AUDIENCE: Fuzziness in the background.

DENNIS FREEMAN: Kind of fuzzy. So could you simulate the fuzzy sound? What would you do if you wanted to sort of simulate the fuzzy sound? Besides, of course, quantizing, which would be a perfect simulation.

AUDIENCE: [INAUDIBLE]

DENNIS FREEMAN: Noise. It kind of sounds hissy. [HISSING] It sounds kind of noisy and that's kind of the point.

And that's an important issue because it affects how much music you can put on any given medium. So for example, in a CD, CDs are 16 bits per sample, 2 channels, 44.1 kilosamples per second, 60 seconds per minute. 74 minutes is a typical recording time for a CD. So you end up with about a gigabyte. And that's what you can put on one of those little plastic things.

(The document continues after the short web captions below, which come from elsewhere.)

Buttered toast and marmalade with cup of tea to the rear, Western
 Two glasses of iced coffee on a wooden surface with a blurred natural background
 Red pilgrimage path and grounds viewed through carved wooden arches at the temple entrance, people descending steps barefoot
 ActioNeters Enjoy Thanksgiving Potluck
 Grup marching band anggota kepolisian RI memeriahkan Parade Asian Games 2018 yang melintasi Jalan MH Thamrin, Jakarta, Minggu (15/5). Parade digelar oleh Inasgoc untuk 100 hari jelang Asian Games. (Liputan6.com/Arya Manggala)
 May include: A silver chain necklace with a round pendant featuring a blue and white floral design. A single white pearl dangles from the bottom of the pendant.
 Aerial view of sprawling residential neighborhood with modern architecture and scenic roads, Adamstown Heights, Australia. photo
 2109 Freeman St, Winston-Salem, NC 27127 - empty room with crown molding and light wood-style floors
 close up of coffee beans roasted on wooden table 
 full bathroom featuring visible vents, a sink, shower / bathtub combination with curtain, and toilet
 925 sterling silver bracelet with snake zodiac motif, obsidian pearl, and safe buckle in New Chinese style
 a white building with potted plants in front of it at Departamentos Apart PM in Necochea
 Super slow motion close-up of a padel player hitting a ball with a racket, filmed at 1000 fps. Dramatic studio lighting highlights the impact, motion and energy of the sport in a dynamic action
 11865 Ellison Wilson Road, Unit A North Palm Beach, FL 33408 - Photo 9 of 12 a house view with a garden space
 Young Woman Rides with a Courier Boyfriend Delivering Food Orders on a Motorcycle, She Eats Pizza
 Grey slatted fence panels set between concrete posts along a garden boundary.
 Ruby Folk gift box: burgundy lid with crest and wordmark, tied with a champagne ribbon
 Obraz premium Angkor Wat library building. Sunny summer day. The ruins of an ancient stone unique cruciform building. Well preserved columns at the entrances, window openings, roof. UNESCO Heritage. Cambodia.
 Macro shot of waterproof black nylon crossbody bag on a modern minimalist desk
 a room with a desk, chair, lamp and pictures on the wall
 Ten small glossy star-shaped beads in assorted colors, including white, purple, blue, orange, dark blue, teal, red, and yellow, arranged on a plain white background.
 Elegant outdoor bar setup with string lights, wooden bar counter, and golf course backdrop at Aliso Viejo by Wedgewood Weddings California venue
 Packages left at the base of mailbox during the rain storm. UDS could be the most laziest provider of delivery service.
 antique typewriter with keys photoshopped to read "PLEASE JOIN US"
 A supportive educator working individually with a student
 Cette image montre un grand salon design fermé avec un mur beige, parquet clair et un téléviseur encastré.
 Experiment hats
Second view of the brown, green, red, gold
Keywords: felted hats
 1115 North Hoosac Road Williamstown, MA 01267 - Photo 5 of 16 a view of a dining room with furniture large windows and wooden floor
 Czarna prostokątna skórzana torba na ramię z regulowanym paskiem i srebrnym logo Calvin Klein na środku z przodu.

If you were willing to live with 8-bit instead of 16-bit, you could obviously put on 148 minutes. So people don't make these decisions lightly.

It's how many people do you make angry for one reason or the other, right? You can make them angry because they don't get much music or you can make them angry because they don't get high quality, right? So you get to sort of trade-off the kind of people who hate you. But that's the kind of idea.

So if you have a piece of plastic on which you can put 1 gigabyte, you have to think about how you're going to represent it. And it matters how frequently you sample. And also, with what quantization you represent each sample.

Same sort of thing happens for pictures. Here's a relatively high-quality picture, where it's 280 by 280 pixels. And it's an 8-bit representation in amplitude. The point's just that the kinds of things that happen when you quantize a picture are very similar to the same sorts of things that happen when you quantized audio.

So if we take this picture and compare it to-- substitute for each pixel a quantized version of the amplitude. Quantized here to 8 bits and here to 7 bits. You might be able to see the difference.

If I come up really close, I can certainly see quantization effects. If I drop the right one to 6, 5, 4, 3, 2, 1. OK. So here is 8 bits and 4 bits.

Remember that when we thought about the audio example, it sounded fuzzy. It sounded hissy. [HISSING] What's the effect of quantizing here? Yeah.

AUDIENCE: [INAUDIBLE]

DENNIS FREEMAN: Sharp and-- say again?

AUDIENCE: The contrast.

DENNIS FREEMAN: Well, there's certainly a problem. So both of these pictures have high contrast, right? How would I see contrast in the pictures? Contrast refers to having big steps, step changes in brightness. So like, I might see a high contrast between this petal and that leaf. And I still have a high contrast at the analogous place over here. So there is some contrast effects.

A little more subtly, the contrast affects how well you see the quantization. So if I changed the picture to have different amounts of contrast, I could effect whether you could see the quantization well or poorly. So in audio, the effect of quantizing-- as I quantized more and more and more, I caused more and more hiss [HISSING] in the background.

What's the effect here? What's the effect of quantizing? Yeah.

AUDIENCE: You have less grays to work with.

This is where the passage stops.